Much of that was driven by retail traders trying to buy the dip after a brutal start to the month, according to The Kobeissi Letter.
“FOMO is resurfacing,” the newsletter wrote, pointing to record retail buying levels.
Markets opened April in chaos, with President Trump’s “Liberation Day” tariffs sparking a $5 trillion sell-off in just two days.
But since bottoming on April 7, the S&P 500 has rebounded nearly 13%, trimming its year-to-date losses to just 4.3% — a dramatic reversal from the nearly 17% slump seen in early April.
The recovery coincided with a collapse in the CBOE Volatility Index (VIX), which dropped 50% in April — its second-biggest monthly plunge in history, noted analyst Charlie Bilello.
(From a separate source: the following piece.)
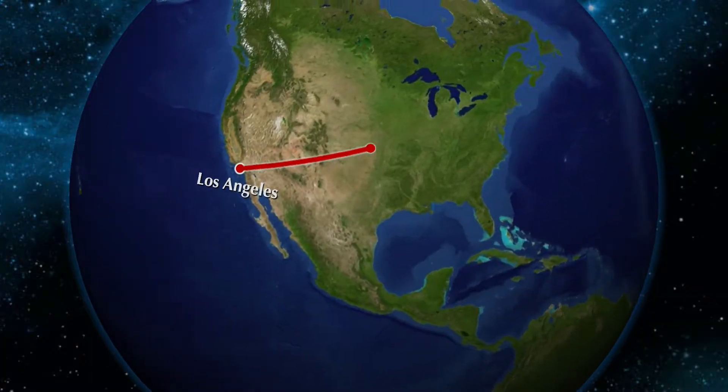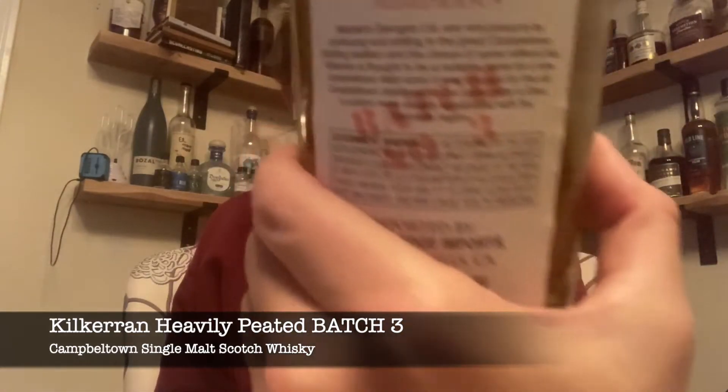For the tasting today, what I'm going to be trying is something that is still in the same region as the last tasting. We're going to stay in Campbeltown. What I've got for today is Kilkerran Heavily Peated — a single malt Scotch whisky. This is batch three, as you can see on the back, which was just released in 2020.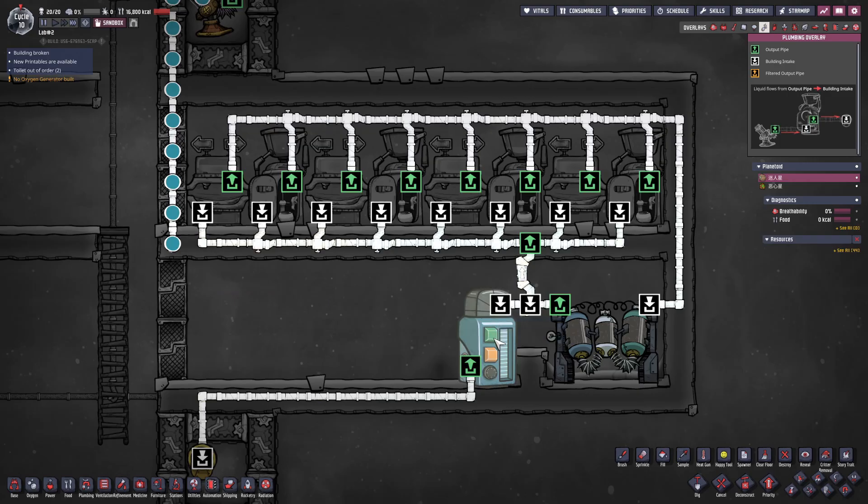Since duplicants generate additional liquid when using toilets, we need a liquid reservoir to store the excess. Without it, the entire system would quickly back up. The liquid reservoir's output can then connect to your base's clean water pipeline or any other purified water applications you require.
Dead cat bounce or new bull market?
Wall Street remains split on whether the rebound signals a true market bottom or a dead cat bounce.
Veteran investor James “Rev Shark” DePorre called the rally a “record-setting bull trap,” pointing to the extreme volatility that followed Trump’s tariff surprise.
But not everyone is sounding alarms. Strategists at Morgan Stanley, for example, argue the comeback in stocks has legs.
After briefly breaching the lower bound of the firm’s projected trading range, the S&P 500 bounced back in a move they see as a “tradable rally” led by beaten-down cyclicals, low-quality names, and pricey growth stocks.
“Current levels should provide a tradable rally,” wrote a team of analysts led by Michael J. Wilson.
While Trump’s first 100 days have shaken confidence, Morgan Stanley believes investors will soon shift focus toward the more market-friendly parts of his economic agenda.
Signs of de-escalation are already emerging. The administration confirmed it plans to meet with Chinese officials in Switzerland to restart trade talks.
The first goal is “a mutual agreement” on how to “build off-ramps from the complicated relationship that we’re in right now when it comes to trade,” a senior official told Politico.